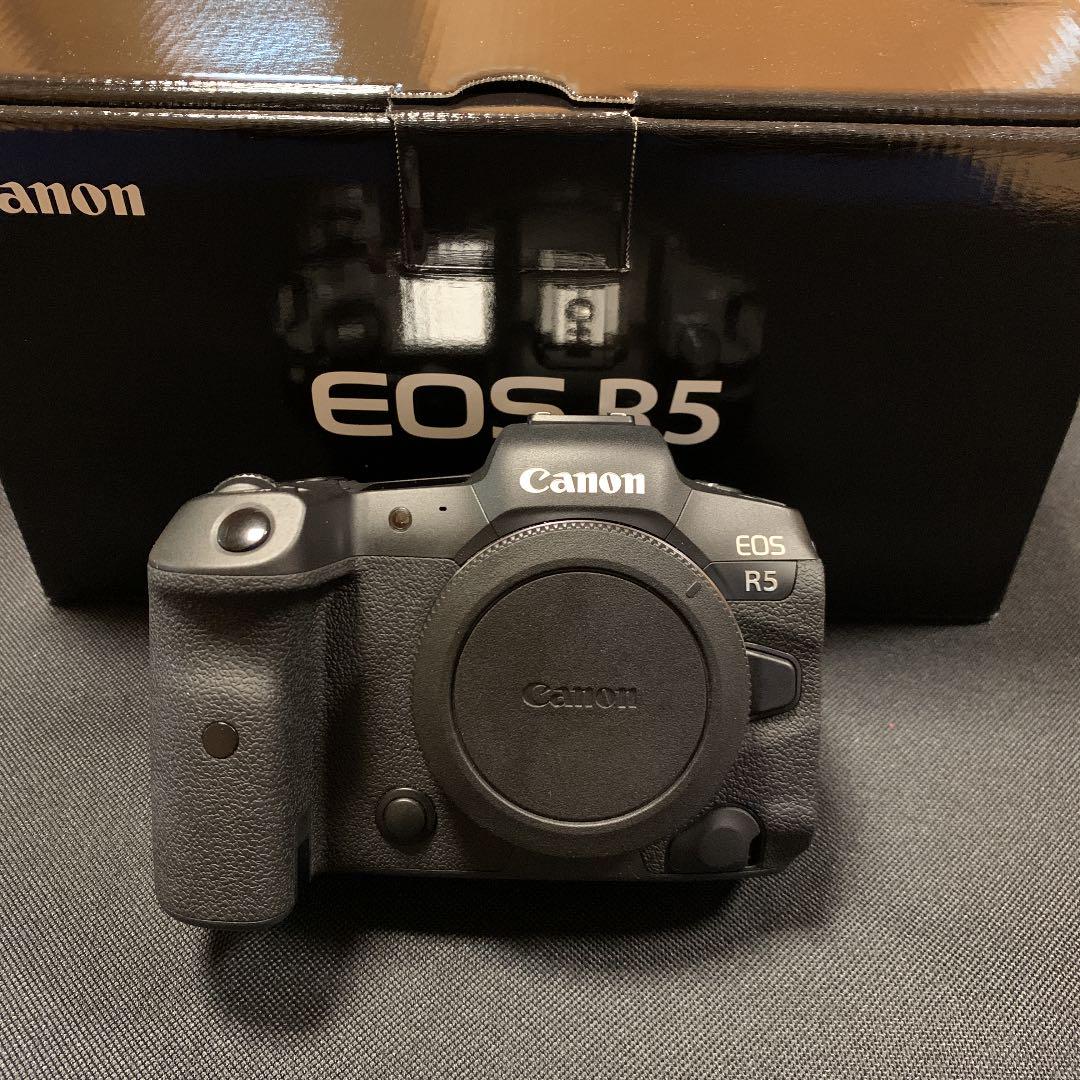 Canon EOS R5 ボディ　中古　極上品::m59866515149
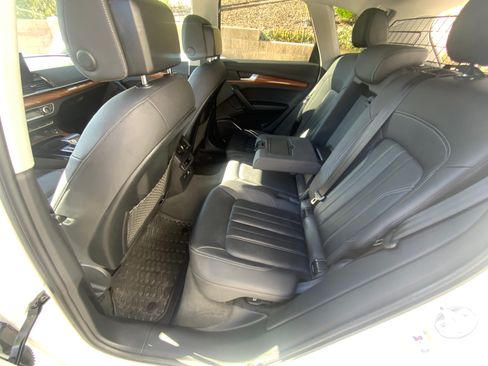 Used 2022 Audi Q5 2.0T Premium w/ Convenience Package image 14
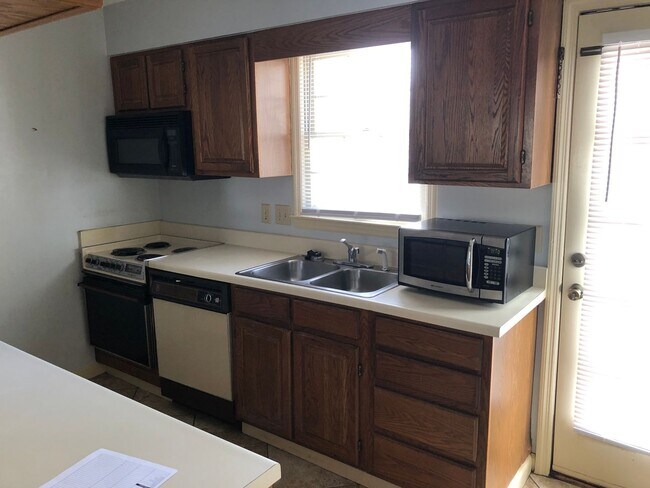 Building Photo - 2 Bed 1.5 Bath Town House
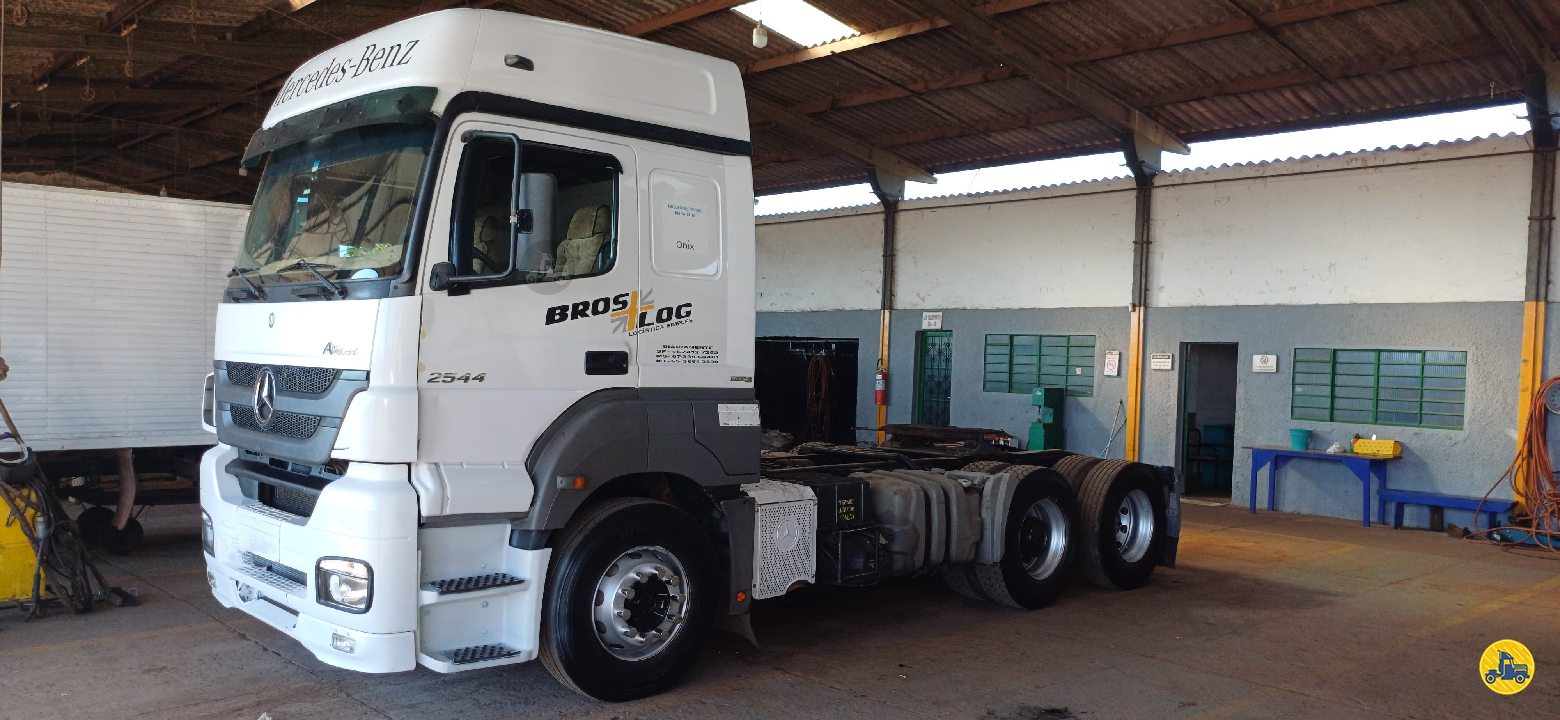 CAMINHAO MERCEDES-BENZ MB 2544 Cavalo Mecânico Cavalo 6x2 Bros Logistica GUARULHOS SÃO PAULO SP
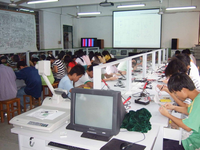 電子與信息技術(shù)專業(yè)中的計算機技術(shù)培訓 賦能未來科技人才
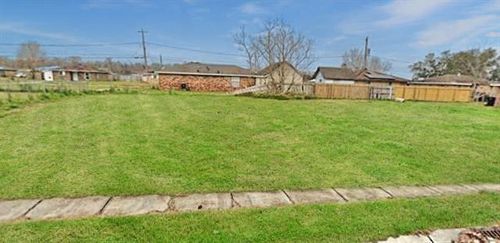 3108 Guerra Dr, Violet, LA, 70092-2802 | Card Image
# # # #
▶ **Work task**
The whole listing, minus its images, should be repeated exactly.

▶ **The completed task**
 Canon EOS R5 ボディ　中古　極上品::m59866515149
 Used 2022 Audi Q5 2.0T Premium w/ Convenience Package image 14
 Building Photo - 2 Bed 1.5 Bath Town House
 CAMINHAO MERCEDES-BENZ MB 2544 Cavalo Mecânico Cavalo 6x2 Bros Logistica GUARULHOS SÃO PAULO SP
 電子與信息技術(shù)專業(yè)中的計算機技術(shù)培訓 賦能未來科技人才
 3108 Guerra Dr, Violet, LA, 70092-2802 | Card Image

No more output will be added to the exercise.